THURSDAY: Lady Friend

BY JOANNE YORDANOU

Copyright is held by the author.

 

I LOOK at the flower, uncertain what it is, then recalled Lady’s-Slipper from a distant memory, a grade school lesson on provincial flowers. Newfoundland or P.E.I., I think. No matter. It was Melanie’s annual joy to find one on our walks down the cottage lane. She’d take photos of the Lady’s Slipper, later choosing the best one to blow up and frame for the cottage walls. One hung over the toilet. Melanie did this with other flowers as well, ever the botanist. I know the Trillium, as every good Ontarian should. But it was the poisonous one, with the white berries, which fascinated her the most — especially in her last years.

“You could poison me with these, you know. Cut to the chase,” she’d said, while focusing on the berries with her camera. From my vantage point, I admired her neck under her duck-bum of short, brown hair. She did this often — joke of her imminent death. At first, I’d ask her not to speak in that manner. I thought a positive attitude was the best medicine, even though it was a hopeless situation. When she began tripping over herself and needed a cane, she’d make the same jokes. Then I began to joke back, to humour her.

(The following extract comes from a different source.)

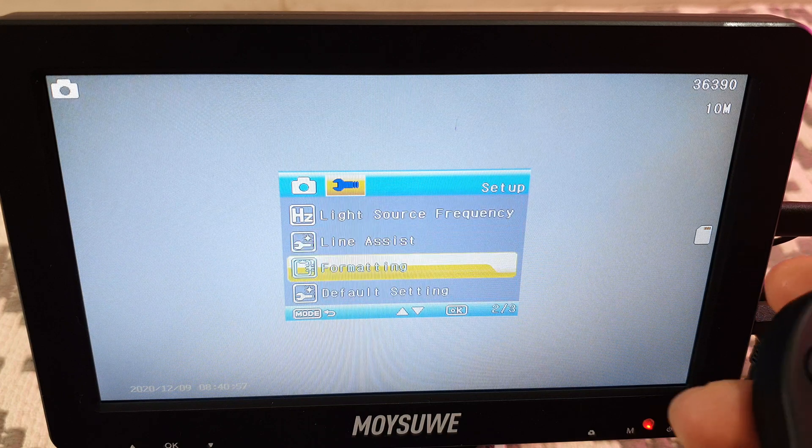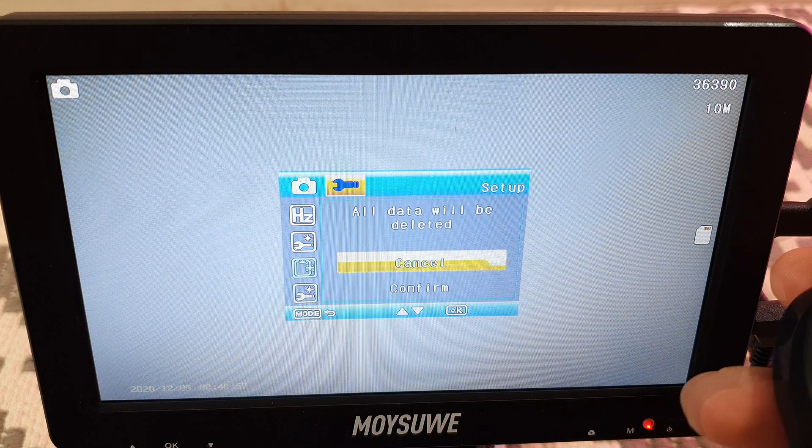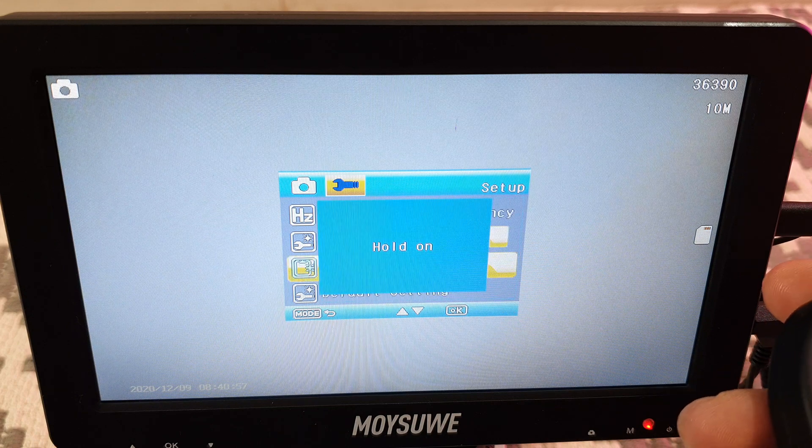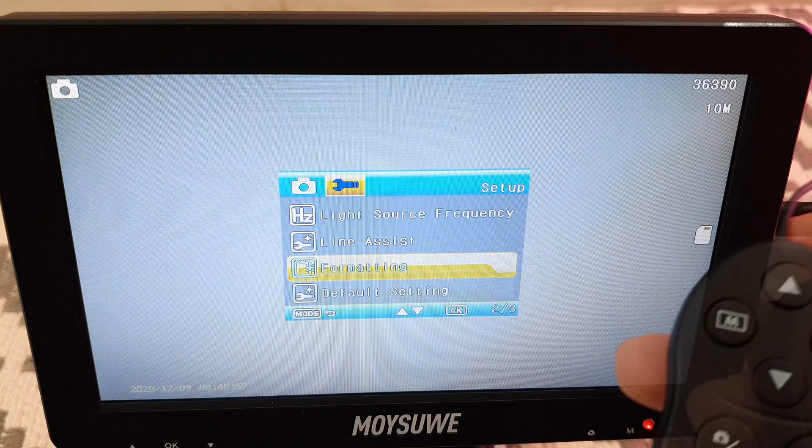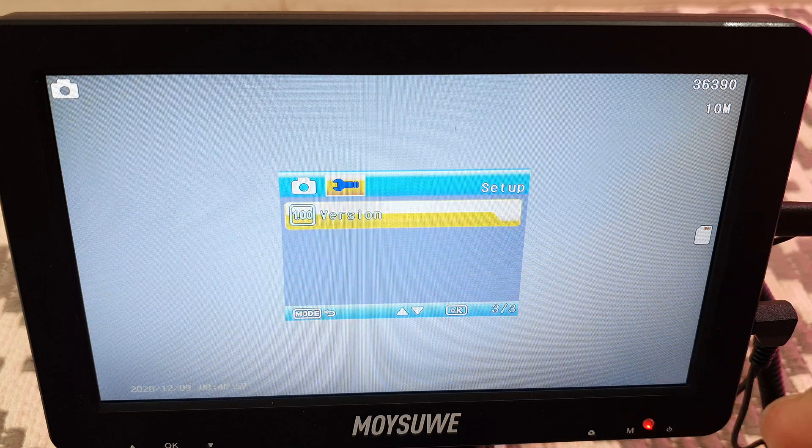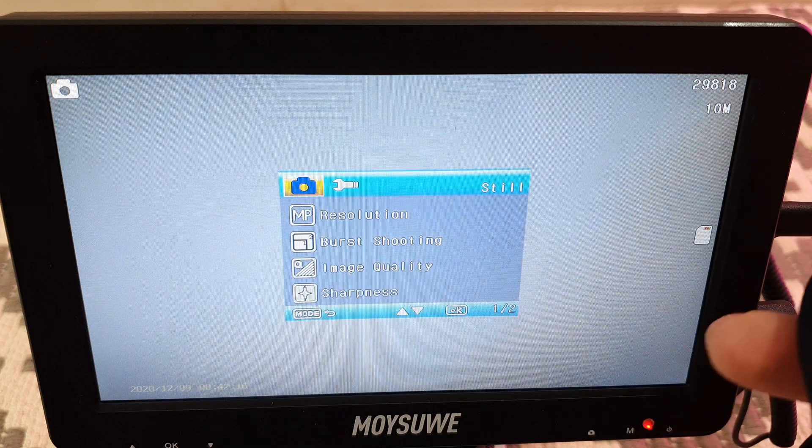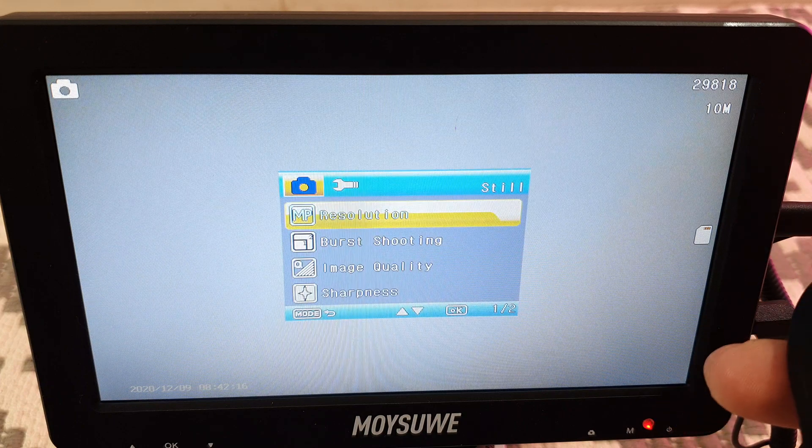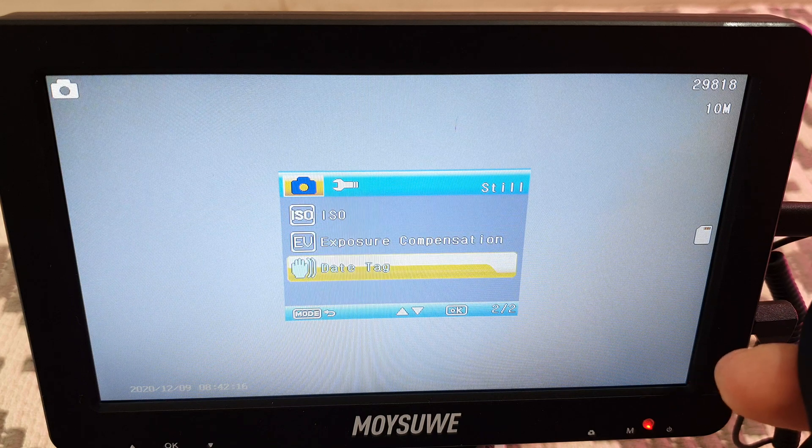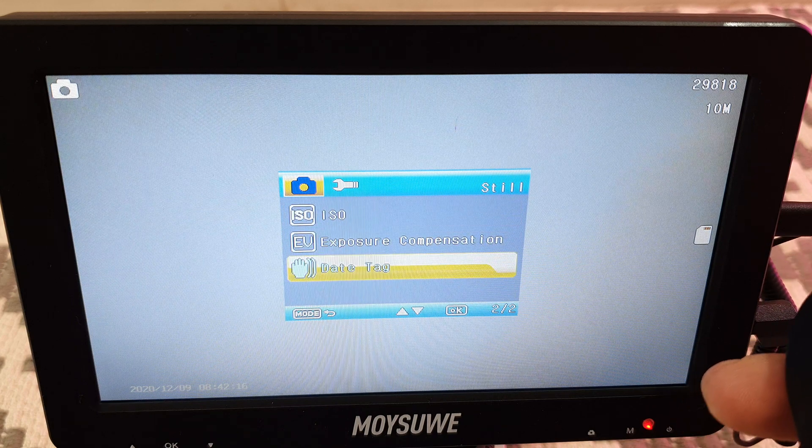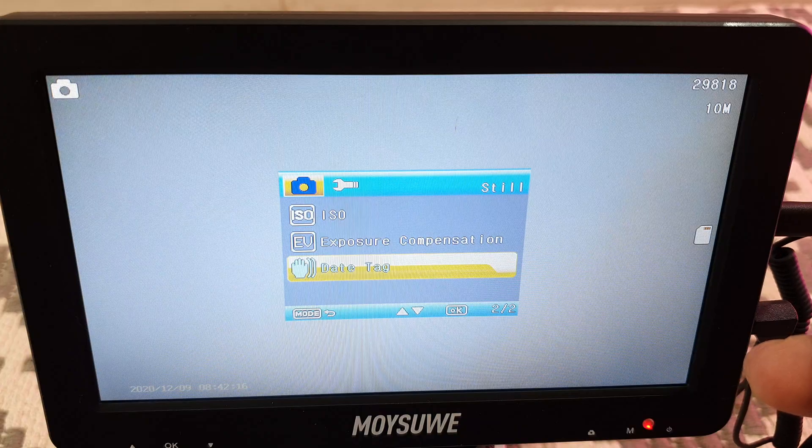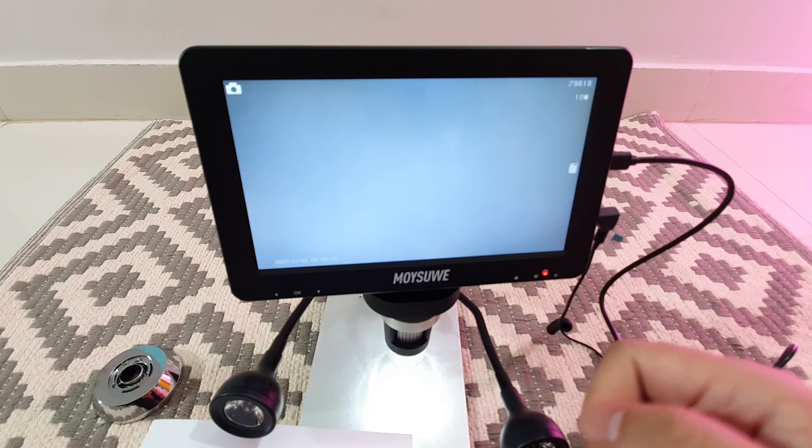And then of course language settings. There's a frequency light adjustment in case you have flicker. And there's something called as line assist in case you want grid lines. You can format the memory card here which I'm going to do now. It takes a bit of time for that and it's done. You can also set up defaults, also version module. You can actually check the version of this device. And that's about it. You can actually add date and time on this.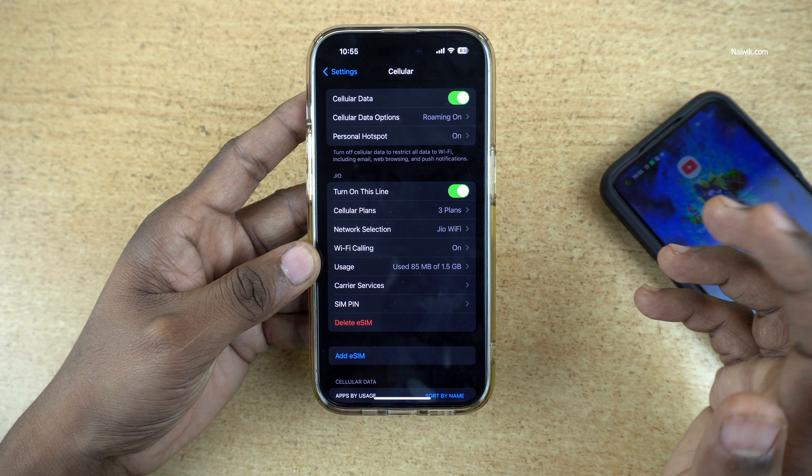If you don't get the notification, open Settings and click on Cellular, then click on Setup eSIM. This setup process may take some time. You will see the message "Connecting to the network" and then "Activating eSIM." Click Continue.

“Should I mix it in with your cereal? Or spike the jam?” Mel, taken aback by this, stopped walking. I heard her footsteps drag to a halt on the pebbled lane. Mine did too, and I turned around and looked back at her. “Sorry.”

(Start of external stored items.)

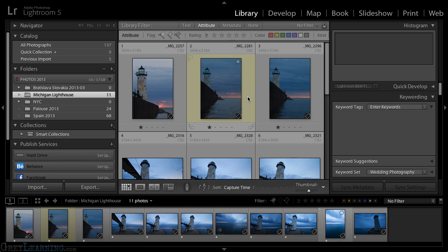But actually, when I assign a color label to an image, I'm not really applying a color. Rather, I'm applying a word.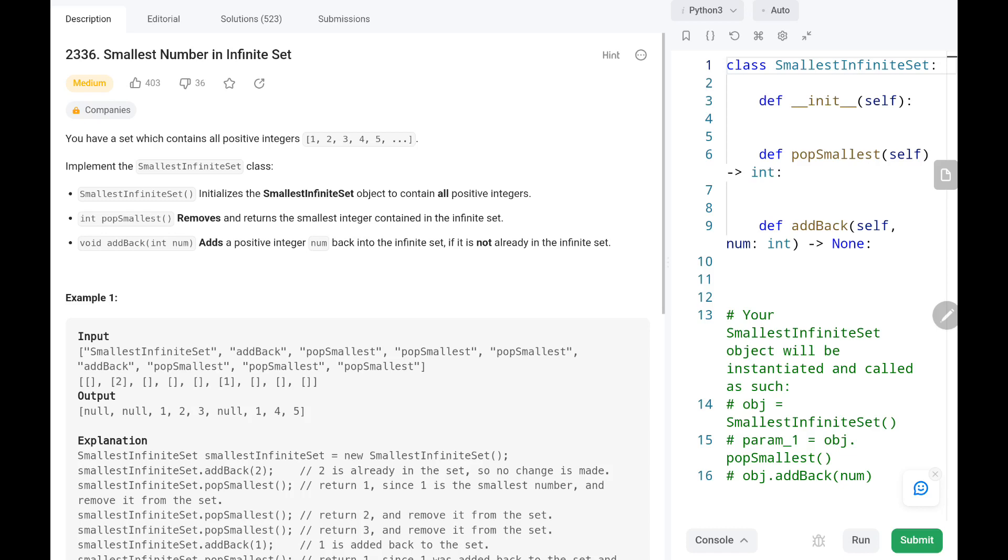Hey everyone, welcome to TechWired. In this video we're going to solve problem number 2336, smallest number in infinite set. First we'll see the explanation of the problem statement, then the logic and the code. Now let's dive into the solution.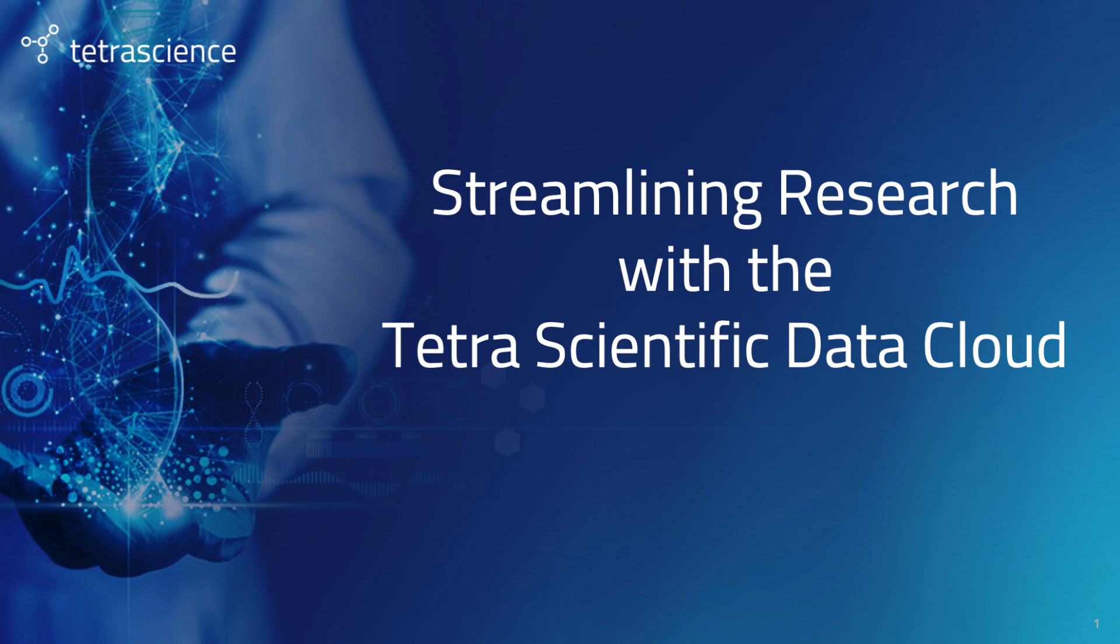Hello and thank you for joining me today everybody. My name is Ryan Holloway and I'm a solutions architect at TetraScience. Today I'll discuss how TetraScience's scientific data cloud is allowing our customers to streamline research in their laboratories.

“No, it’s fine. I was just thinking you should put it into a sweet smoothie instead. Baneberry’s terribly bitter. And I’d likely need a truckload of it intravenously.”

I laughed. It was too much. I walked back to her. “You’ve had enough needles.” I kissed her forehead.

***

Today, I walk the same laneway, a woodland walk with wildflowers, grandfather trees and Melanie’s whispers blowing through their branches. My lady friend holds my hand. She doesn’t notice the flora or the south-westerlies. She talks about her life; it’s a way of getting closer to me, but I miss some of what she’s saying. Not focused. I do that sometimes. More so, lately. I simply like her company, and the sex. I don’t want her to know how Melanie and I laughed until our bellies ached when I performed a pirouette on this walk. She wouldn’t understand. Or how Melanie was the only person who could beat me at Cribbage — sometimes — or how, without asking, she could make a room full of people pay attention to the story she was telling. Mel could hold an audience.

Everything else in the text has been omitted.